Hoje não me sinto sérvio e a solidariedade que possa ter perante esse povo é muito limitada. Também acho que a independência auto-proclamada do Kosovo é uma vergonha para a Europa e mais um exemplo da perfídia norte-americana no seu intuito permanente de enfraquecer o nosso continente, com a complacência quase total dos governantes deste lado do Atlântico.
Vamos por partes.
Na segunda metade dos anos 80 Slobodan Milosevic sentiu que o tempo do comunismo estava a chegar ao fim. Apercebeu-se que o nacionalismo sérvio poderia ser a arma para se manter no poder. Não hesitou em exacerbar esse nacionalismo de uma forma descarada. Incentivadas pela Alemanha e pelos EUA, uma após outra as repúblicas começaram a declarar a sua independência, saindo da federação jugoslava. A Sérvia não aceitou a secessão e começa a guerra, com cumes sangrentos na Croácia e na Bósnia-Herzegovina.
Foi a Sérvia que se divertiu a destruir o centro histórico de Vukovar. Foi também a Sérvia que abriu caminho para o fundamentalismo islâmico na Bósnia. Foi a Sérvia que promoveu e manteve o horroroso cerco a Sarajevo, com os snipers a divertirem-se a fazer pontaria aos desgraçados que fugiam nas ruas. Foi ainda a Sérvia que destruiu boa parte da biblioteca de Sarajevo, património cultural da humanidade. E Srebrenica é obra sua.

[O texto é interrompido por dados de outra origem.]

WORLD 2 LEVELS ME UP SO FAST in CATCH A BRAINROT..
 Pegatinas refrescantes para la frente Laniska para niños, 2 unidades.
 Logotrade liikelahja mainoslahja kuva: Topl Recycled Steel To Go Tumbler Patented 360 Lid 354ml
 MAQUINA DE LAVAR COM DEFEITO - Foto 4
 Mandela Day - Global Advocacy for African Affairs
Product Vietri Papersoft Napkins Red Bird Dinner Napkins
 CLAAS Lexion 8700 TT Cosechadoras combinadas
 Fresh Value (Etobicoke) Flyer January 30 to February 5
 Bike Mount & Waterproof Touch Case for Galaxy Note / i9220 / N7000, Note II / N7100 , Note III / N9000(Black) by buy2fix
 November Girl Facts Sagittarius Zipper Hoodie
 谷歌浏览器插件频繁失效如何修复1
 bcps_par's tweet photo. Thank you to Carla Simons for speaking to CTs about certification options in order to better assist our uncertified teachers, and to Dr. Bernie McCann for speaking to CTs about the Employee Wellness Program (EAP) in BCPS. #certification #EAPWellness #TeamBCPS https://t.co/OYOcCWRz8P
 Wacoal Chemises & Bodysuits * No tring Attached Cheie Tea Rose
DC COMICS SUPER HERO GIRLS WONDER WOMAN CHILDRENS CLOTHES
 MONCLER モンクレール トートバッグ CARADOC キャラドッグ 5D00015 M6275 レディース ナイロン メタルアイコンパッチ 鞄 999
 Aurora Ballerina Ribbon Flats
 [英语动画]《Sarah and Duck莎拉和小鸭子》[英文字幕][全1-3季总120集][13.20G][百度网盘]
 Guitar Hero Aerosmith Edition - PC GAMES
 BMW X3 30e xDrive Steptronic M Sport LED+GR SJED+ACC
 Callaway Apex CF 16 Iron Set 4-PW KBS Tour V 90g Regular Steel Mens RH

Se há um exemplo de um mau nacionalismo, no sentido em que se manifesta de forma arrogante, se quer sobrepor aos direitos dos países vizinhos, massacra populações indiscriminadamente e no sentido em que mancha o conceito nacionalista, esse foi o sérvio.
Milosevic arrepiou caminho e assinou o acordo de paz de Dayton, em 1995. O mal estava feito. A Bósnia, até aí palco de uma convivência sã entre comunidades, estava radicalizada, invadida por fundamentalistas islâmicos (muitos deles armados pelos EUA) e dependente da ajuda da Arábia Saudita. O Kosovo fervilhava de sentimentos independentistas e crescia o sonho da Grande Albânia (ironia suprema face ao abortado sonho da Grande Sérvia).
Os bombardeamentos da NATO à Sérvia foram uma vergonha. A Sérvia tinha caído que nem um patinho na armadilha do seu próprio radicalismo. De verdugos os sérvios passaram a vítimas. Em vez de mesquitas incendiadas o Kosovo passou a ter igrejas incendiadas. Com apenas 5% de sérvios o Kosovo estava perdido para esta comunidade.
Centro de alguns dos mais importantes tráficos europeus, da droga às mulheres, o Kosovo irá a breve prazo integrar-se na Albânia, país que transitou quase de golpe do comunismo mais ortodoxo para o capitalismo de carácter mais selvagem e mafioso.
Uma tragédia europeia, preparada por europeus inconscientes e incapazes de aprenderem as lições do passado, e servida em bandeja de sangue pelos EUA, do mais alto do seu cinismo geo-estratégico.